Crafting a Custom Saga Orchestrator in C# for Atomic NLP Pipelines on ASP.NET Core

Backend Architecture

Word Count: 2.6k

Read Times: 15 Min

On the surface, the requirement seemed straightforward: process a user-uploaded document through a series of NLP operations—text extraction, sentiment analysis, named entity recognition—and finally, write the structured results to an analytics database and update an index. This entire workflow needed to be atomic; either it all succeeds, or it’s as if nothing ever happened. In a monolithic application with a single database, a TransactionScope would have wrapped this up nicely. But in our reality, text extraction, sentiment analysis, and entity recognition are three independent services, potentially deployed in different locations, each with its own database or state store. Traditional distributed transactions (2PC) are all but deprecated in modern microservices architectures due to their synchronous blocking nature and reliance on specific infrastructure.

The problem thus transforms into: how can we provide ACID-like atomicity for a business process spanning multiple services without using 2PC? This question leads us squarely to the Saga pattern. However, pulling in a full-fledged message queue (like RabbitMQ) and a heavyweight Saga framework (like MassTransit or NServiceBus) felt like overkill for our highly cohesive module, dramatically increasing operational overhead. What we needed was a solution that was lightweight, self-contained, and easy to understand and maintain.

The final decision was to build an orchestration-based Saga coordinator from scratch within our ASP.NET Core application using C#. It would persist the business process’s state in the application’s primary database (PostgreSQL), thereby achieving long-running process reliability and compensation capabilities without introducing significant external dependencies.

Defining the Core Saga Contract

The design begins with a clear contract. A Saga consists of multiple steps, each comprising a forward action and a compensating action.

// ISagaStep.cs

/// <summary>
/// Defines a single, independent step within a Saga workflow.
/// Each step must be idempotent and provide a compensation action.
/// </summary>
/// <typeparam name="TContext">The type of the context object for the Saga execution.</typeparam>
public interface ISagaStep<TContext> where TContext : class
{
    /// <summary>
    /// The name of the step, used for logging and state tracking.
    /// </summary>
    string Name { get; }

    /// <summary>
    /// The forward action: executes the business logic for this step.
    /// </summary>
    /// <param name="context">The shared context for the Saga, used to pass data between steps.</param>
    /// <returns>A Task representing the asynchronous operation.</returns>
    Task ExecuteAsync(TContext context);

    /// <summary>
    /// The compensating action: reverts the changes made by this step if a subsequent step fails.
    /// </summary>
    /// <param name="context">The shared context for the Saga.</param>
    /// <returns>A Task representing the asynchronous compensation operation.</returns>
    Task CompensateAsync(TContext context);
}

This interface is the cornerstone of the entire pattern. TContext is key; it acts as a state carrier, passed through the Saga’s entire lifecycle, connecting all the steps.

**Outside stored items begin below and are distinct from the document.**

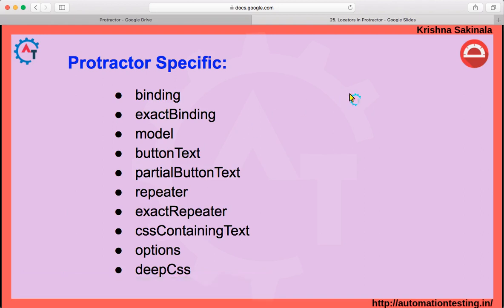Apart from Selenium locators, Protractor has its own specific locators, which is one of its advantages for Angular application automation. These include: binding, exact binding, model, button text, partial button text, repeater, exact repeater, CSS containing text, options, and deep CSS. I won't cover all of these in detail here, but in upcoming videos when automating elements we will use these locators wherever applicable.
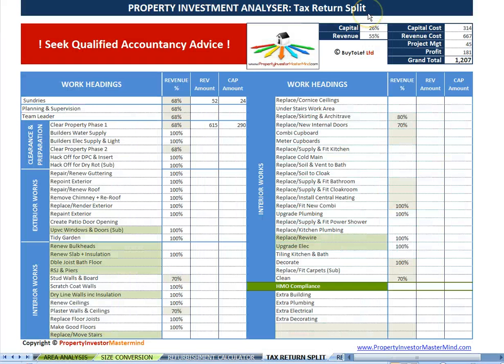Sheet six, the Tax Return Splitter. Split the cost of each job between revenue and capital for tax assessment purposes. The revenue element can be deducted from any positive cash flow or profit before tax is assessed. How to work this strategy is covered in our Renovating for Profit online tutorial.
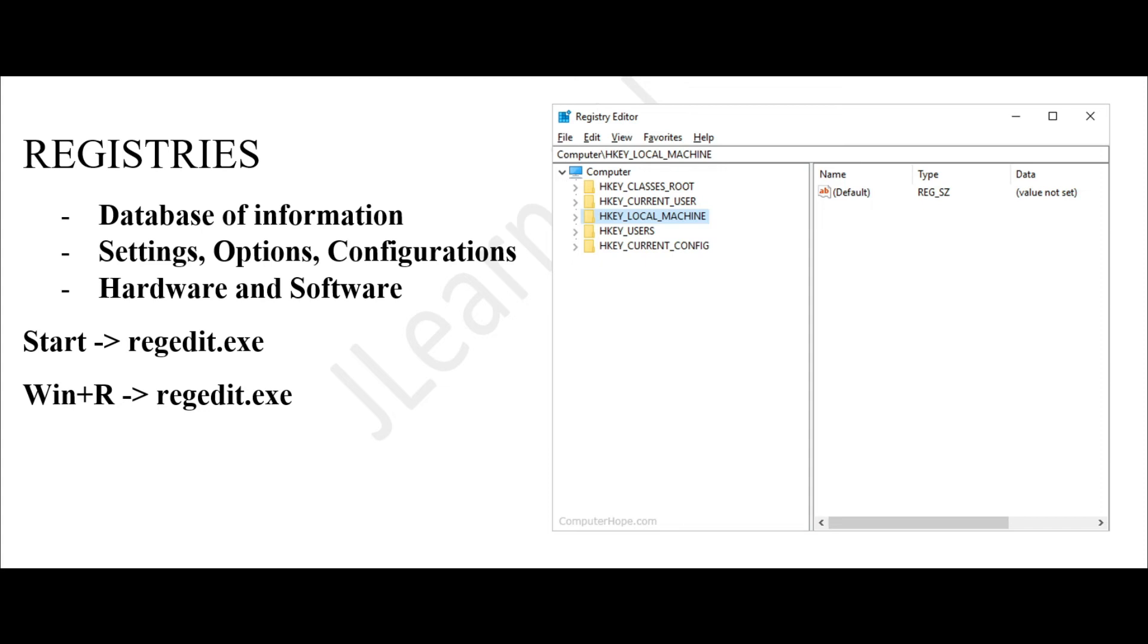HKEY_USERS contains information about all the users who log on to the computer, both specific and generic information. Lastly, we have HKEY_CURRENT_CONFIG, which contains all of the current configurations that are attached to your computer. So today we have discussed registries, and I hope to see you again next time.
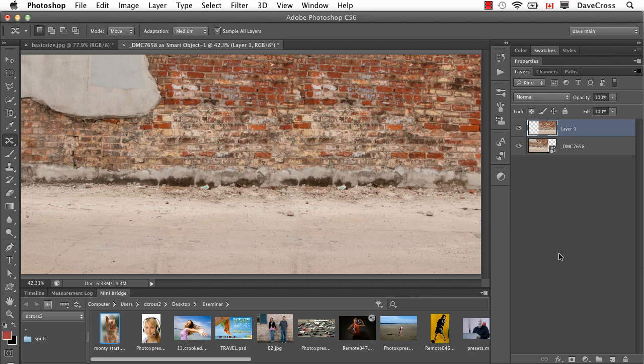Now, you may have seen demonstrations of the Content-Aware Move Tool where people are moved and it redoes the background. There's also an option in the Content-Aware Move Tool called Extend.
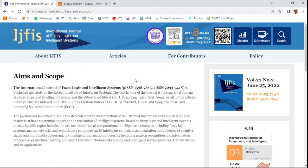The name of the journal is International Journal of Fuzzy Logic and Intelligent Systems. This is a quarterly journal published by the Korean Institute of Intelligent Systems. This journal is indexed in Scopus, Korean Citation Index, Google Scholar, and also in Web of Science under the Emerging Sources Citation Index (ESCI).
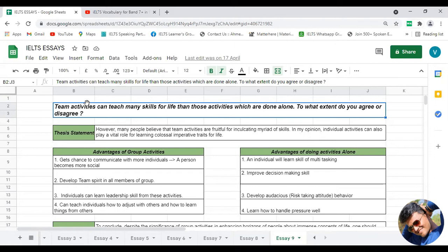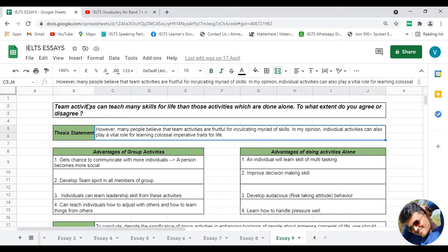In one paragraph we are going to discuss advantages of group activities, and in another paragraph we are going to discuss advantages of individual activities for life. We can use a four-paragraph pattern for this essay: the first paragraph is your introduction, the second and third are body paragraphs one and two, and the fourth is your conclusion.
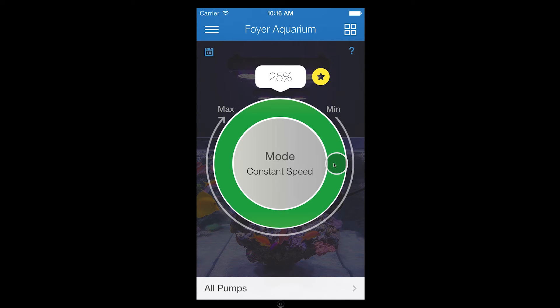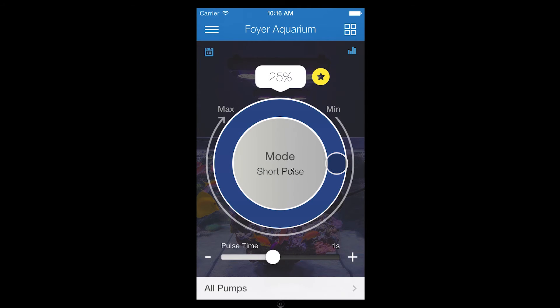To change modes, you can tap or swipe the center of the circle. As you change modes, your pump driver will reflect the current mode and settings within the app.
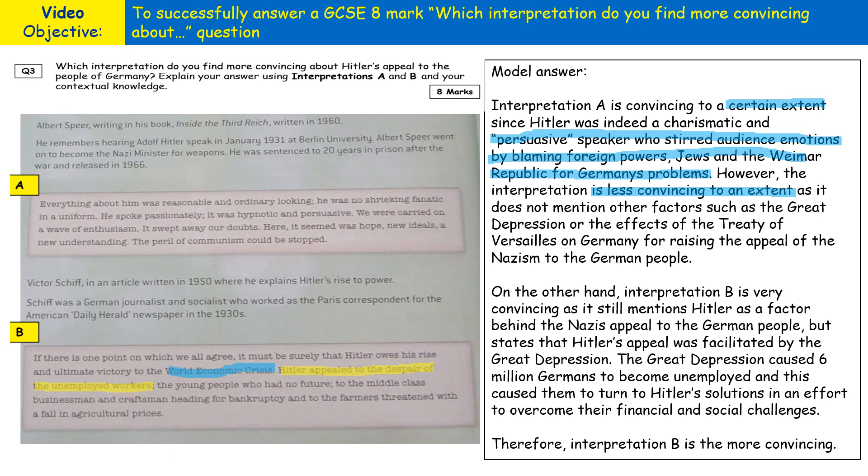You don't actually have to give reasons why an interpretation is less convincing if you've argued it's very convincing. However, you do need to make it clear to the marker by the end of your answer which interpretation you find more convincing overall.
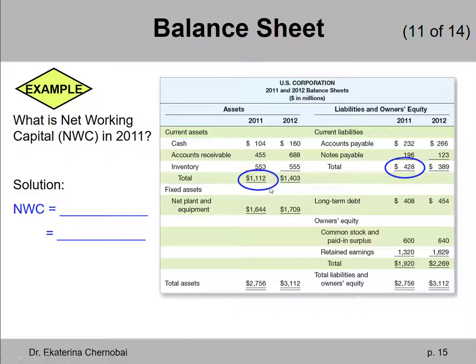Current assets minus current liabilities gives $684. So the net working capital equals $684.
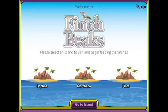Welcome to the Finch Beaks simulation. In this simulation you'll investigate how the survival of some organisms is related to the availability of certain resources.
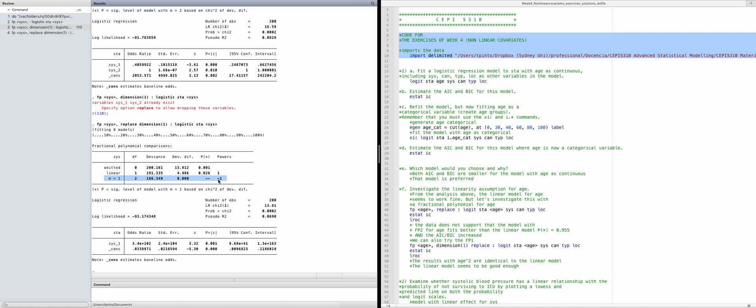So by this first criteria, the final model uses the effect of systolic with power minus one, i.e., one over systolic. The odds ratio appears very large, which is most likely due to the units used for systolic. We're not really interested in interpreting it right now — we're just looking at this exercise from the point of view of selecting the model.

Next is the persistence model for the Saga itself. We need an entity to record the execution progress of each Saga instance. This is critical for recovery after a system crash.

// SagaState.cs

using System.ComponentModel.DataAnnotations;
using System.ComponentModel.DataAnnotations.Schema;

public class SagaState
{
    [Key]
    public Guid Id { get; set; }

    [Required]
    public string SagaType { get; set; }

    [Required]
    public int CurrentStep { get; set; }

    [Required]
    public SagaStatus Status { get; set; }
    
    // Using a JSONB/JSON column for high flexibility.
    [Required]
    [Column(TypeName = "jsonb")]
    public string ContextData { get; set; }

    public DateTime CreatedAt { get; set; } = DateTime.UtcNow;
    
    public DateTime UpdatedAt { get; set; } = DateTime.UtcNow;
}

public enum SagaStatus
{
    Pending,
    Executing,
    Compensating,
    Succeeded,
    Failed
}

Using Entity Framework Core, this SagaState class is mapped to a database table. The ContextData field uses jsonb (in PostgreSQL) or nvarchar(max) (in SQL Server) to serialize our TContext object. This provides immense flexibility, avoiding the need to design a new state table for every type of Saga workflow.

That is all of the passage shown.